EXERCISE INSTRUCTIONS: Search the listing below for the word "Frequency" and copy each line that holds it.

DATA TO EXAMINE:
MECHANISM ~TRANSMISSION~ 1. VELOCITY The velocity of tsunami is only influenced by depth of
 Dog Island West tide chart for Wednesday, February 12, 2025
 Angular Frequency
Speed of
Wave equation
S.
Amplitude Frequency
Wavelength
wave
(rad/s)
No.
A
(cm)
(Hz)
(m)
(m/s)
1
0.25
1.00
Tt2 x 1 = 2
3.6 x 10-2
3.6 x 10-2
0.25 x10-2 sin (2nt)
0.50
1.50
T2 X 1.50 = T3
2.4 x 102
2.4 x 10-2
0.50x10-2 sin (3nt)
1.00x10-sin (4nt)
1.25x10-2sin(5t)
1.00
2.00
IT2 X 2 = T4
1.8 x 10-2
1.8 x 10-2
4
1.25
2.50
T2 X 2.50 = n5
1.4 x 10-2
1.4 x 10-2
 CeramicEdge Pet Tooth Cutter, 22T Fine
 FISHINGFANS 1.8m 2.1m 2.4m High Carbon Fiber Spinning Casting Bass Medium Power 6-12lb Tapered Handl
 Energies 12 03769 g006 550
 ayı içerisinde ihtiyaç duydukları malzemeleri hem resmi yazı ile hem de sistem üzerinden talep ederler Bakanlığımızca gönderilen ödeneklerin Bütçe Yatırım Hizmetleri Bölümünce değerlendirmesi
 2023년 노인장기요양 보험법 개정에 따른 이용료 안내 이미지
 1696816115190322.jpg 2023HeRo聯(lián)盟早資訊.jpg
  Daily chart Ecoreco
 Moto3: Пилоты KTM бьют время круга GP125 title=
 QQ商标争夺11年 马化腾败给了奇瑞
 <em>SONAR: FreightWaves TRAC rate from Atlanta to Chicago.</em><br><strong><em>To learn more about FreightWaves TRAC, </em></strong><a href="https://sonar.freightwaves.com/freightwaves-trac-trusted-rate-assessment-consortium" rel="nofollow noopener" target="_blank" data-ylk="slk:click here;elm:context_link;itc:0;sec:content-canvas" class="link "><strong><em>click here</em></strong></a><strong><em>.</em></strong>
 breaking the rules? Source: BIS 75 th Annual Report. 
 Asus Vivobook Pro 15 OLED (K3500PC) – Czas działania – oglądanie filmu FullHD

TASK SOLUTION:
 Angular Frequency
Amplitude Frequency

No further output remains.